Assays used in pharmaceutical research require a system that can not only detect biochemical interactions with high sensitivity, but that can also perform many measurements in parallel while consuming low volumes of reagents. While nearly all label-free biosensor transducers to date have been interfaced with a flow channel, the liquid handling system is typically aligned and bonded to the transducer for supplying analytes to only a few sensors in parallel. In this presentation, we describe a fabrication approach for photonic crystal biosensors that utilizes nanoreplica molding to produce a network of sensors that are automatically self-aligned with a microfluidic network in a single process step.

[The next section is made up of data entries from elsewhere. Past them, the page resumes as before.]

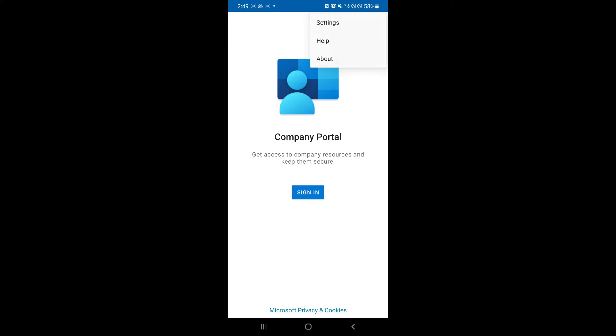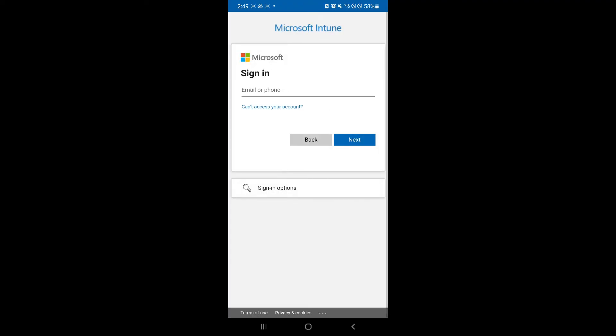Now if you click on sign in, you could notice that you would need to have a Microsoft account. As you can see here, it would ask you to sign in with your Microsoft account because Intune is a Microsoft software.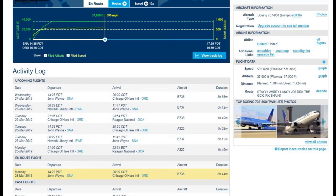You can see the first one is STAY-1 — that is the standard instrument departure, the SID. Then we have AVERY and LANCY — those are GPS waypoints, five-letter codes that are always phonetic and pronounceable. We have J-96, which is an airway on the map. By inputting J-96, the computer on our aircraft will connect from LANCY through all points in J-96 until DRK, which is a VOR. Three-letter codes are ground-based radio beacons called VORs: TBE, GCK, IRK. Then SHANE-1, which is a STAR — a standard arrival into Chicago O'Hare.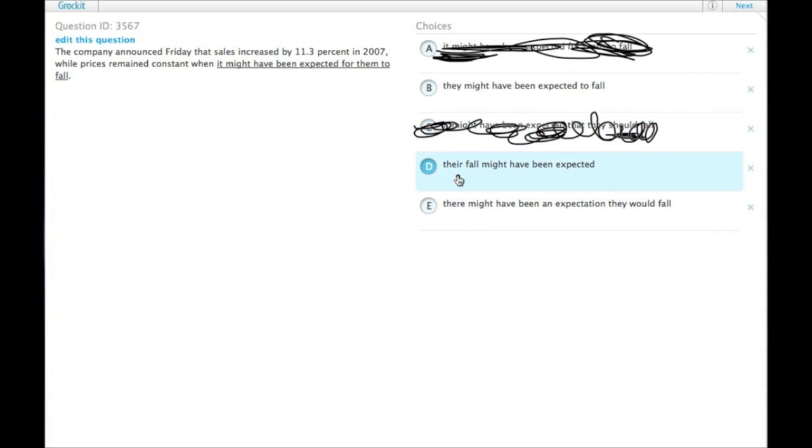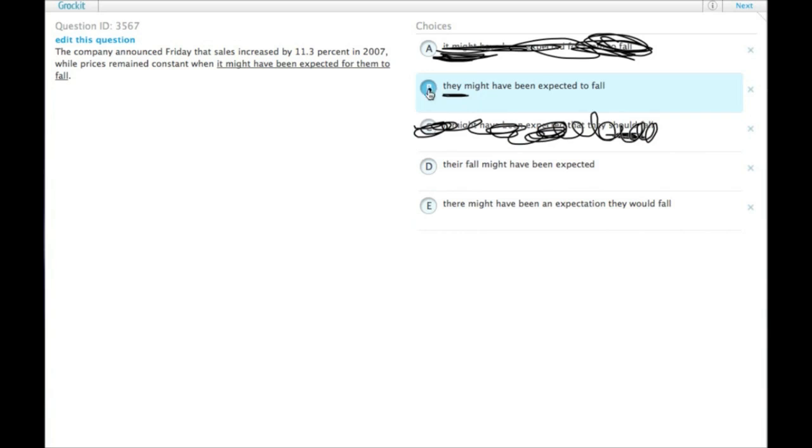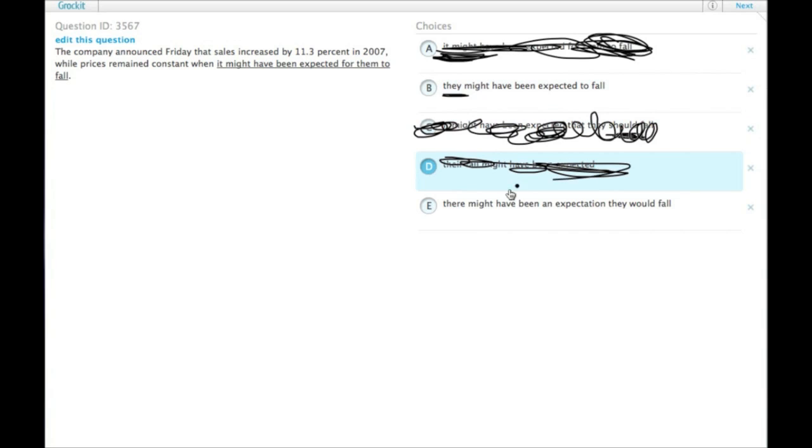Same thing with their fall might have been expected. Grammatically correct, but the shift in subject makes it less parallel. If we leave it with they, namely the prices, might have been expected to fall, we have parallel construction where the prices are the subjects of each of the sentences, as opposed to changing it to their fall.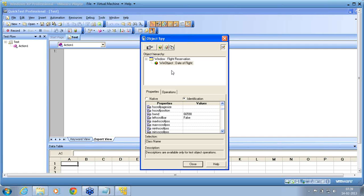If any object, QTP is not able to map it to the standard class that it already has, then if it knows that there is an object but is not able to map it, it recognizes that object as a WinObject. So in standard Windows, a WinObject is a non-standard object.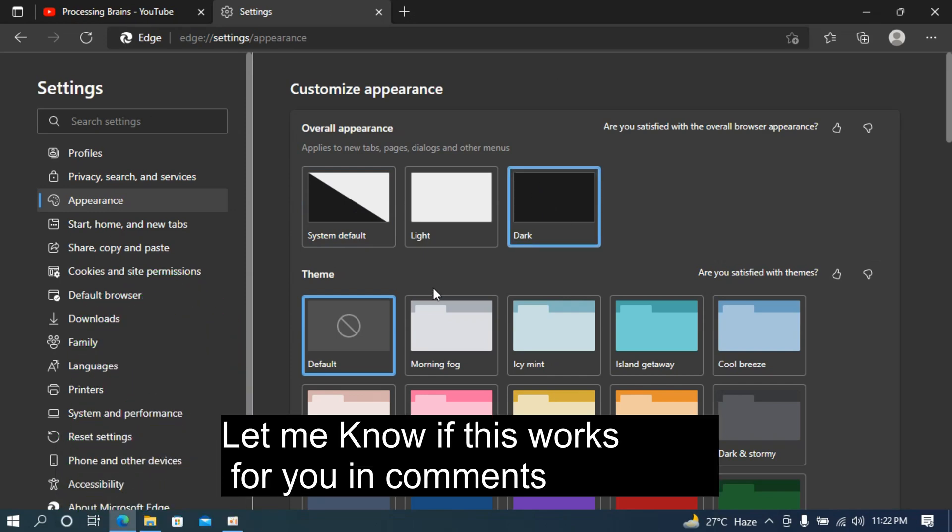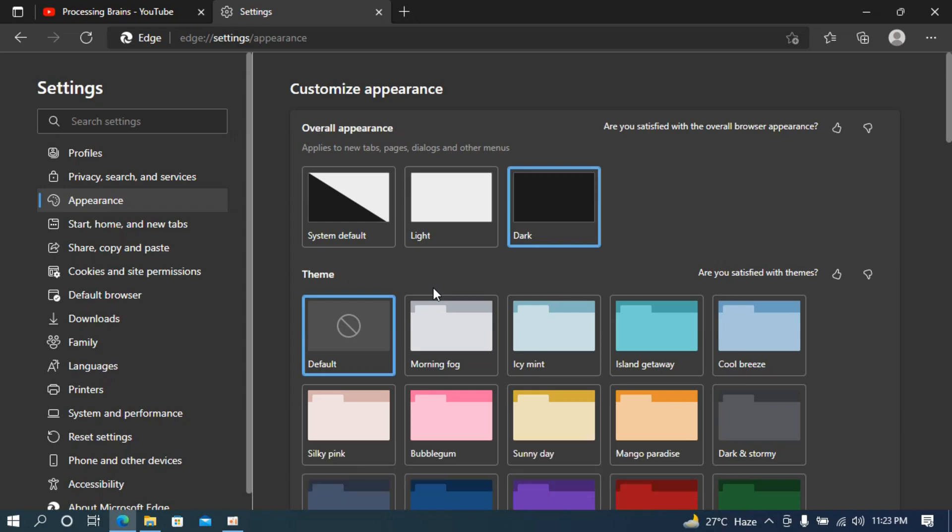Hopefully this video has helped you to turn on the dark mode or dark theme on Microsoft Edge. But before you go, please like, subscribe, and share. Thank you.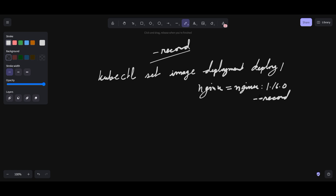But this is now deprecated. The question is, if the record flag has been deprecated and will be removed in the future, then what is the easy alternative to record changes? First we need to understand what deprecation means in Kubernetes — it means this flag is no longer recommended for use and may be removed in a future version of Kubernetes, so it is better to not use it.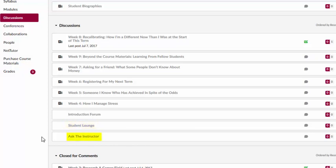Most courses will also have an Ask the Instructor forum. This is a place you can go to pose a question to the faculty member teaching your class. Be aware your posts will be visible to other classmates, so don't include personal information or questions about your grade here.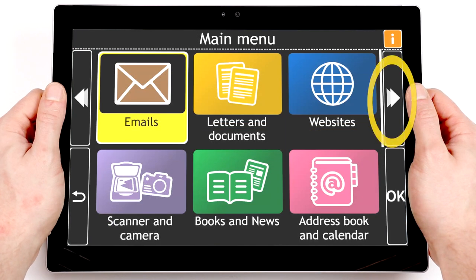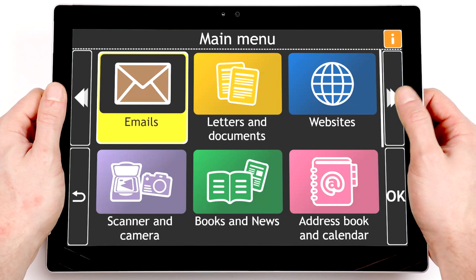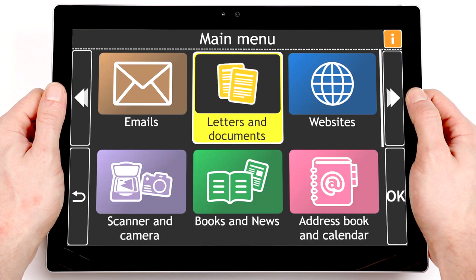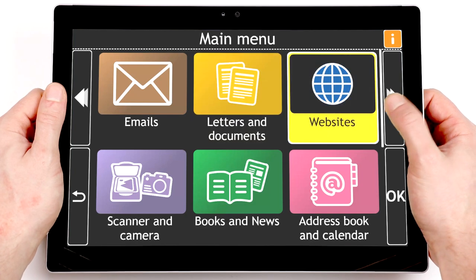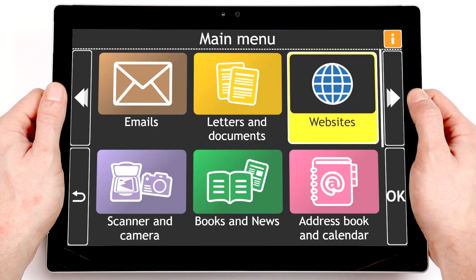The Next button on the right edge moves you to the next item on the screen. Letters and Documents, 2 of 10. To write a new letter or document, select this option. Websites, 3 of 10. To visit websites, select this option.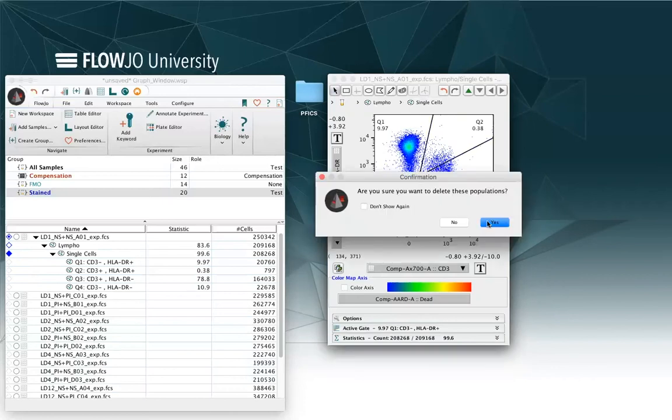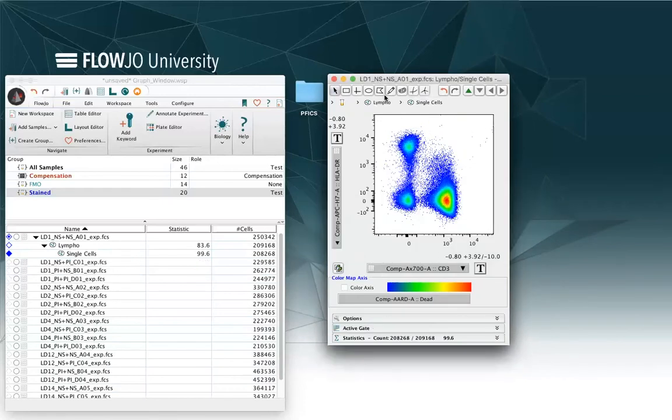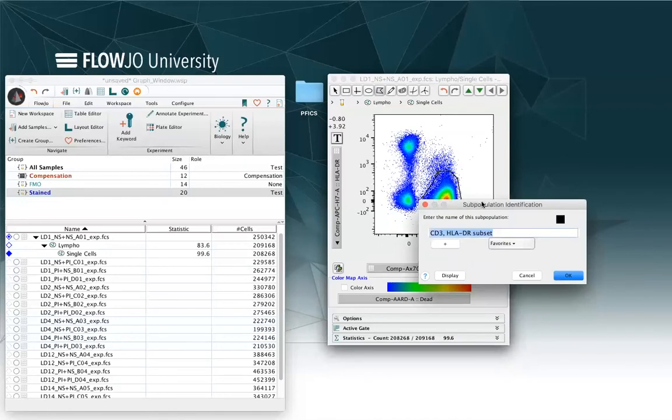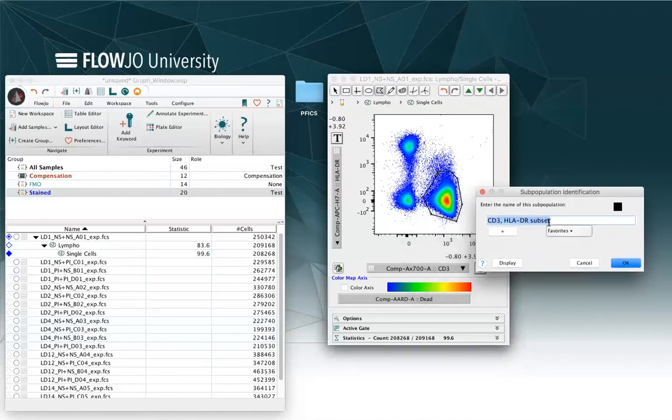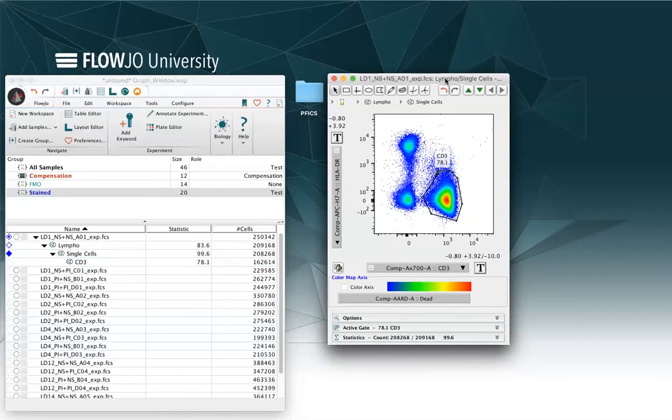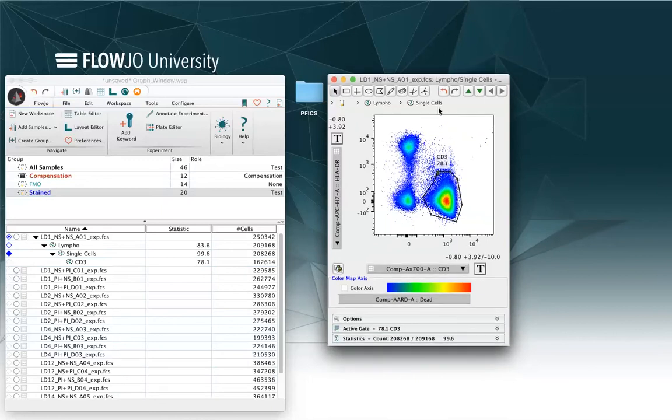I will just proceed by creating a polygon gate, for example, in this case, and call my population CD3. And when I am at this state, I can select a different visualization of the plot by clicking on options.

The sensor/fluid network is inexpensively produced on large surface areas upon flexible plastic substrates, allowing the device to be incorporated into standard format 96-well microplates. A simple flow scheme using hydrostatic pressure applied through a single control point enables immobilization of capture ligands upon a large number of sensors with 220 nL of reagent, and subsequent exposure of the sensors to test samples. A high resolution imaging detection instrument is capable of monitoring the binding within parallel channels at rates compatible with determining kinetic binding constants between the immobilized ligands and the analytes. The first implementation of this system is capable of monitoring the kinetic interactions of 11 flow channels at once, and a total of 88 channels within an integrated biosensor microplate in rapid succession. The system was initially tested to characterize the interaction between sets of proteins with known binding behavior.

Paper Details

Date Published: 11 September 2007
PDF: 9 pages
Proc. SPIE 6645, Nanoengineering: Fabrication, Properties, Optics, and Devices IV, 66451H (11 September 2007); doi: 10.1117/12.731324
Show Author Affiliations
Charles J. Choi, Univ. of Illinois at Urbana-Champaign (United States)
Leo L. Chan, Univ. of Illinois at Urbana-Champaign (United States)
Maria F. Pineda, Univ. of Illinois at Urbana-Champaign (United States)
Brian T. Cunningham, Univ. of Illinois at Urbana-Champaign (United States)


Published in SPIE Proceedings Vol. 6645:
Nanoengineering: Fabrication, Properties, Optics, and Devices IV
Elizabeth A. Dobisz; Louay A. Eldada, Editor(s)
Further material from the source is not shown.